Blick auf Signale des Immunsystems
Statt sich ausschließlich auf das Bakterium zu konzentrieren, richteten die Forschenden ihr Augenmerk auf drei Substanzen in Blut und anderen Körperflüssigkeiten, die ansteigen, wenn das Immunsystem auf TB reagiert: Adenosin-Deaminase (ADA), Interferon‑Gamma (IFN-γ) und Interleukin‑6 (IL-6). Jede steht für einen anderen Aspekt der Abwehr – T‑Zell‑Aktivierung, ein wichtiges schützendes Immun‑Signal, beziehungsweise allgemeine Entzündung. Da sich diese Marker mit relativ einfacher Laborausstattung und in verschiedenen Probenarten messen lassen, bieten sie einen vielversprechenden Ansatz zur Unterstützung der Diagnose an Orten, an denen hochspezifische molekulare Tests selten oder langsam verfügbar sind.

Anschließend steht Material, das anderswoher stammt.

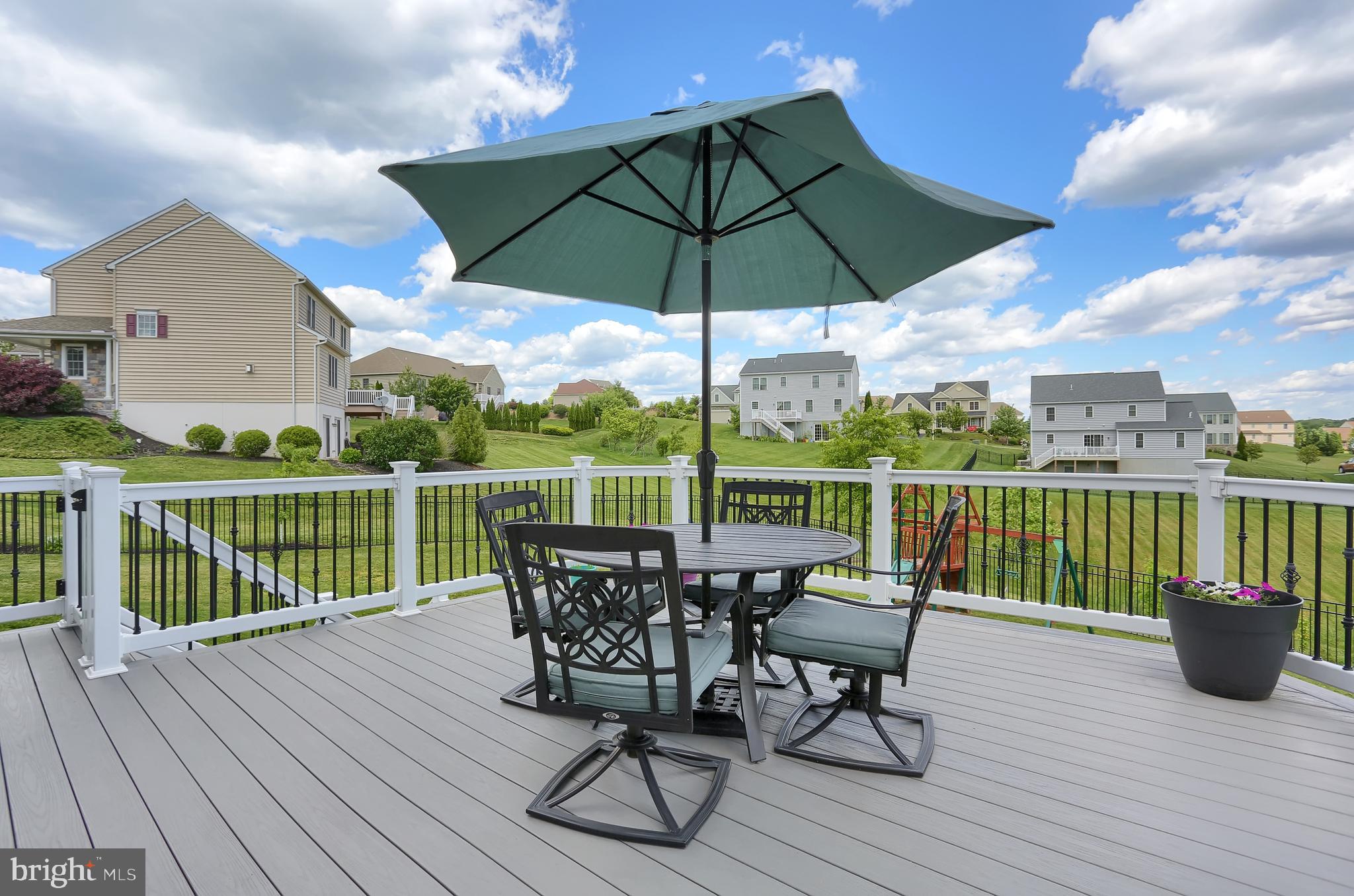 KENDALE OAKS - Residential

Wie die Studie durchgeführt wurde
Das Team analysierte die Krankenakten von 605 Patienten, die zwischen 2020 und 2025 in einem großen Lungenkrankenhaus im Süden Chinas behandelt wurden. Alle wiesen Symptome auf, die durch TB verursacht werden können, wie Husten, Fieber oder Flüssigkeitsansammlungen um Lunge oder Bauch. Ein empfindlicher Nukleinsäure-Amplifikationstest – ein Verfahren, das TB‑DNA nachweist und als strenger mikrobiologischer Standard gilt – diente zur Feststellung, wer tatsächlich TB hatte und wer nicht. Die Forschenden verglichen diese Ergebnisse dann mit Messungen von ADA, IFN-γ und IL-6 aus Blut‑ oder Körperflüssigkeitsproben aus dem gleichen Zeitraum und wählten sorgfältig einen repräsentativen Messdatensatz pro Patient aus.

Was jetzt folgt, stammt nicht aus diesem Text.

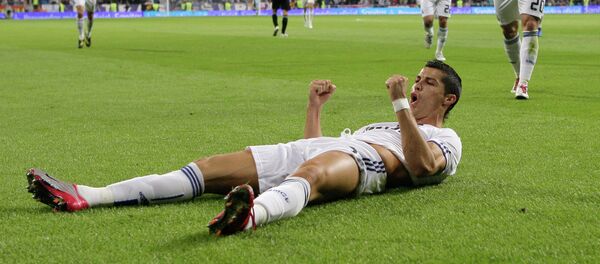 رونالد با دو گل برگشت خود را جشن گرفت/ رئال مادرید 3-0 آپوئل رونالد با دو گل برگشت خود را جشن گرفت/ رئال مادرید 3-0 آپوئل - اسپوتنیک افغانستان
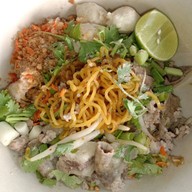 ร้านต้นกับแต อาหารป่า ก๋วยเตี๋ยว ตามสั่ง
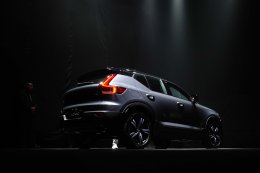 Volvo เปิดตัว xc40  คอมแพ็คเอสยูวี   เริ่มต้น 2.09 ล้านบาท!!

Was einzelne und kombinierte Marker zeigten
Für sich genommen trennten die einzelnen Immunmarker TB von Nicht‑TB‑Erkrankungen besser als Zufall, doch keiner war allein genau genug, um als diagnostischer Test zu fungieren. IFN‑γ erzielte dabei die beste Einzelperformance, ADA zeigte einen gleichmäßigen, aber moderaten Wert, und IL‑6 war sehr sensitiv, neigte jedoch dazu, viele Personen ohne TB positiv zu markieren. Als das Team die Marker mathematisch kombinierte, verbesserten sich die Ergebnisse deutlich. Die Kombination von IFN‑γ mit IL‑6 lieferte die stärkste Gesamttrennung zwischen TB‑ und Nicht‑TB‑Fällen. Weitere Kombinationen halfen ebenfalls: Die Verknüpfung von ADA mit IFN‑γ erhöhte die Chance, wahre TB‑Fälle zu erfassen, und das Zusammenführen aller drei Marker verbesserte die Fähigkeit, Fehlalarme zu vermeiden.

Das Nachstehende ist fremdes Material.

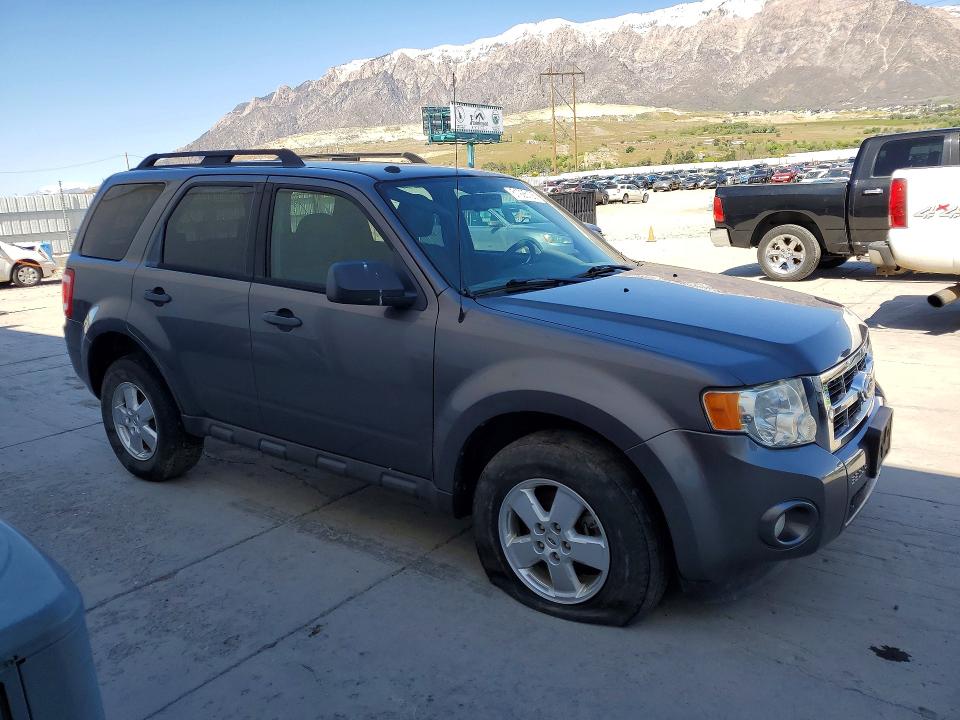 Photo 4 from auction – 2010 FORD ESCAPE with VIN 1FMCU9DG4AKC78446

Zwei Teststrategien: Ausschluss und Bestätigung
Eine zentrale Erkenntnis der Studie ist, dass sich dieselben drei Marker in unterschiedliche „Algorithmen“ einordnen lassen, je nachdem, was eine Klinik bevorzugt. In einer seriellen Strategie gilt ein Patient nur dann als TB‑positiv, wenn mehr als ein Marker erhöht ist. Diese strenge Anforderung reduziert falsch positive Befunde stark und macht das positive Ergebnis sehr vertrauenswürdig. In dieser Studie erreichte die Kombination aus ADA und IFN‑γ auf diese Weise eine sehr hohe Spezifität und eignet sich damit gut als Bestätigungstest. Dagegen betrachtet eine parallele Strategie einen Patienten als verdächtig auf TB, wenn irgendeiner der Marker erhöht ist. Das fängt sehr viele wahre TB‑Fälle ein, geht jedoch zu Lasten einer höheren Zahl von Fehlalarmen. Hier erzeugte die parallele Messung von ADA, IFN‑γ und IL‑6 eine sehr hohe Sensitivität und eignet sich somit als Screen, um TB sicher auszuschließen, wenn alle drei Marker niedrig sind.
Was das für Patientinnen, Patienten und Kliniken bedeutet
Für Laien lautet die Kernbotschaft, dass kein einzelnes Immunsignal in schwierigen Fällen zuverlässig TB „beweisen“ oder „ausschließen“ kann, aber die Kombination weniger einfacher Blut‑ oder Flüssigkeitstests diesem Ziel sehr nahekommt. Durch die durchdachte Kombination und Interpretation von ADA, IFN‑γ und IL‑6 können Kliniken flexible Diagnosewege entwickeln: einen, der darauf ausgelegt ist, TB bei Patienten, die mit konventionellen Mitteln schwer zu testen sind, sicher zu bestätigen, und einen anderen, der rasch TB ausschließt, sodass die Aufmerksamkeit auf andere Krankheitsursachen gelenkt werden kann. Da diese Marker relativ kostengünstig sind und keine hochentwickelte Technik erfordern, könnte dieser Ansatz die TB‑Diagnostik in ressourcenbegrenzten Umgebungen stärken und mehr Menschen rechtzeitig lebensrettende Behandlung zugänglich machen.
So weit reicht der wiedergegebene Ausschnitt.